Charity laundry for the homeless to open in Moscow
A “cultural laundry” will open in Moscow at the start of October. During the day, they will wash the clothes of homeless people, and at night, the Vtoroe dykhanie foundation will do the same.
The Vtoroe dykhanie (Second Wind) foundation and the St Petersburg organisation Nochlezhka, which helps homeless people, are opening a joint project in Moscow, namely a charitable laundry. In the Cultural laundry, there will be eight washing machines and eight tumble dryers. In one day, they will be able to wash and dry things for up to 50 people.
“None of us like it, when there are unkempt people around in dirty clothes which smell bad. Homeless people don’t like it either. You can’t go to a job interview in dirty clothing, passers-by turn away from you, no-one wants to travel next to you on public transport. But where do you wash your clothes if you live on the street?”, the director of the Moscow branch of Nochlezhka, Darya Baibakova, wrote.
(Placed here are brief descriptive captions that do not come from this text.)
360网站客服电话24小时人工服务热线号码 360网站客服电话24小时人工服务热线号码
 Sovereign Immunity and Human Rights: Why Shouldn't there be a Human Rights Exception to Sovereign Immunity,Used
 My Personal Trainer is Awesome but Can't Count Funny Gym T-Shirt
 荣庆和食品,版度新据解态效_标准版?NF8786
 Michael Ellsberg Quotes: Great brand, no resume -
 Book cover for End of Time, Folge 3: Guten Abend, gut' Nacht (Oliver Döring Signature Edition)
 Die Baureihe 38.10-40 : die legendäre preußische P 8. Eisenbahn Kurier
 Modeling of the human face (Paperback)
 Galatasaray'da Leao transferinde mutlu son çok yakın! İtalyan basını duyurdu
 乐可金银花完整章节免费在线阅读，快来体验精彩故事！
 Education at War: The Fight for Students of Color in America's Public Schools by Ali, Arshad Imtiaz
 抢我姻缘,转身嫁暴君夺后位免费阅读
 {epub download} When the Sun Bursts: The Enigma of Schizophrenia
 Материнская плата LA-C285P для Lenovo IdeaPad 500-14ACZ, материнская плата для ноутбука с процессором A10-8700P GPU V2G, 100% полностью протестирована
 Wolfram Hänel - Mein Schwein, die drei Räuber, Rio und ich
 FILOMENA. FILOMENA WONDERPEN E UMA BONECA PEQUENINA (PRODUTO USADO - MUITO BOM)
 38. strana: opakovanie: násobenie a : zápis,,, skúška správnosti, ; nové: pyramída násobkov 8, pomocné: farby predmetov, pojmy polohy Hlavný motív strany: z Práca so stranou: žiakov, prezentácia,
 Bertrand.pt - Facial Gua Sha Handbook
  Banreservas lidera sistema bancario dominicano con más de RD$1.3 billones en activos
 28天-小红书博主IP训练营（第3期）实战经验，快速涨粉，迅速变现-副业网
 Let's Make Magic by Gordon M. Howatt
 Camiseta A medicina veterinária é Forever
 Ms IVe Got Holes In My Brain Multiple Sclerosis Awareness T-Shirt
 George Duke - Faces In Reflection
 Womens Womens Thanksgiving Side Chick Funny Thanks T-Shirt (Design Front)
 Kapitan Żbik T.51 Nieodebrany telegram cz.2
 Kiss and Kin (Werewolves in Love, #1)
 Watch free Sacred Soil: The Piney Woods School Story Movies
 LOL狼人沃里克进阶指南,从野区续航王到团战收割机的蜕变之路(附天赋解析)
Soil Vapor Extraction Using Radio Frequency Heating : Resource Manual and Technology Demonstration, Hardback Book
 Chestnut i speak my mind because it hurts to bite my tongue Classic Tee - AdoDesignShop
In the Petersburg branch of Nochlezhka, a laundry has already existed for 2 years, and in this time 5 511 people have washed and dried their clothes for free. The organisation is opening a branch in Moscow in the autumn and it was also necessary to find a space for the laundry. As it happened, it will open sooner than thought.
“We have been searching for free spaces for a shelter and trying to get that from the Moscow authorities or to strike a deal with a business for almost half a year now. But we rent the laundry for money, that is why that issue was solved more quickly,”, the director of the resource acquisition department of the Nochlezhka charity, Vlada Gasnikova, told ASI.
The Second Wind foundation was also thinking about opening its own laundry. As Darya Alekseeva, the director of the foundation, told ASI, the foundation collects more than 250 tonnes in clothes every year. These items need to be cleaned: most often they are unwashed when collected, and they cannot be passed on to wards or sold in the foundation’s shops in such a state.
“I experimented with washing in commercial laundries, but it ended up being very expensive and that is why we planned to launch our own. At this time, Nochlezhka was trying to find a space, and somehow I got in contact with Dasha (the director of the Moscow branch of Nochlezhka Darya Baybakova – Ed.) and we decided to try and launch a laundry together”, Alekseeva said.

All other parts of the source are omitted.